Monique Canto-Sperber :« Il ne peut y avoir de liberté d’expression quand il y a une parole dominante »

Pour la philosophe Monique Canto-Sperber, la liberté d’expression permet de tout dire sauf ce qui contraint l’autre au silence  propos recueillis  par Claire Legros et publiés sur le site lemonde.fr, le 06 05 2021

Entretien. Face à la violence des réseaux sociaux, faut-il repenser la liberté d’expression ? C’est ce que propose la philosophe Monique Canto-Sperber, autrice de Sauver la liberté d’expression (Albin Michel, 336 p., 21,90 euros) qui invite à en refonder les limites. La liberté d’expression ne signifie pas seulement le fait de pouvoir parler, affirme-t-elle, mais définit aussi la possibilité que l’autre puisse répliquer.

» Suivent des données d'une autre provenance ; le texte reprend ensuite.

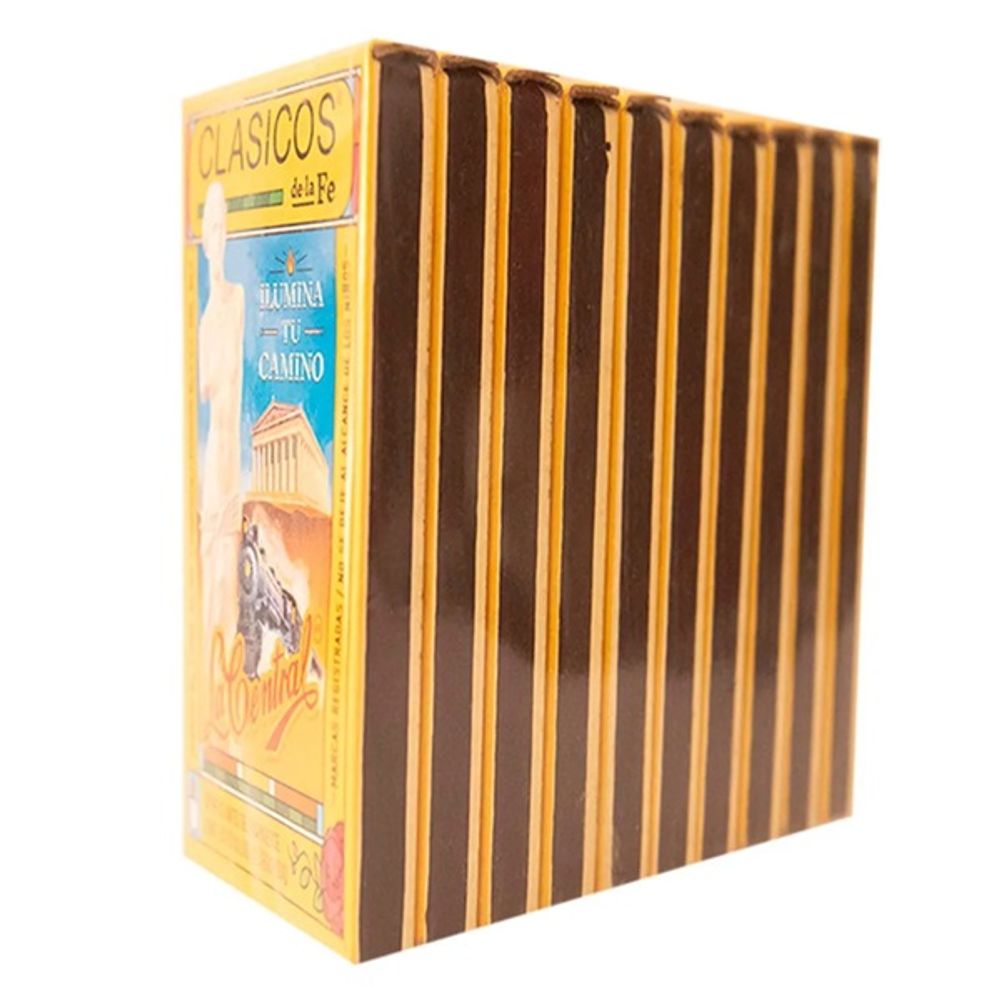 Cerillos Clásicos de Lujo 50 Unidades para Encender con Elegancia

Comment analysez-vous les menaces qui pèsent aujourd’hui sur la liberté d’expression ?

La liberté d’expression était autrefois menacée par le pouvoir d’Etat et les autorités établies, en particulier religieuses. Aujourd’hui, elle est prise en otage par deux mouvements opposés. D’un côté on assiste, au nom de la liberté, à l’expression la plus extrême de la haine verbale, stimulée par l’extraordinaire diffusion des propos que permettent les outils numériques. De l’autre côté, on constate des phénomènes de censure inspirés par des courants sociaux extrêmement forts qui veulent imposer leur conception de ce qu’on peut dire et de ce qu’il faut taire.

Les pressions ne viennent plus tant d’autorités constituées identifiables que de groupes ou d’associations qui procèdent par intimidation, souvent de manière préventive, ce qui les rend difficiles à combattre.

N’est-ce pas le seul moyen pour cette contestation de se faire entendre alors que cette parole a été marginalisée dans le débat public jusqu’à présent ?

Dans les universités et plus largement dans la société, émerge la revendication d’un langage qui traduirait les valeurs d’un groupe de pression ou d’une culture, au prix d’un contrôle sur l’usage de certains termes. Des manières de parler peuvent être soupçonnées d’être des marques de mépris ou de manque de considération à l’égard de minorités.

Face à cela, il est nécessaire de rappeler que la langue est un élément neutre, elle n’a pas à refléter les valeurs morales de telle ou telle association militante, sans quoi elle ne permet plus le débat, mais servirait à s’enfermer dans le cercle de ses certitudes.

Le plus grand bienfait de la liberté d’expression, c’est de permettre la diversité des opinions, à l’exclusion des opinions délictueuses. Qu’on ait des convictions et qu’on les défende ardemment, bien sûr, mais on ne peut pas priver les autres de la possibilité de penser différemment. Ce n’est pas en faisant taire ses détracteurs que l’on montre la force de ses convictions. Il faut vouloir se confronter à une adversité pour défendre ses propres valeurs.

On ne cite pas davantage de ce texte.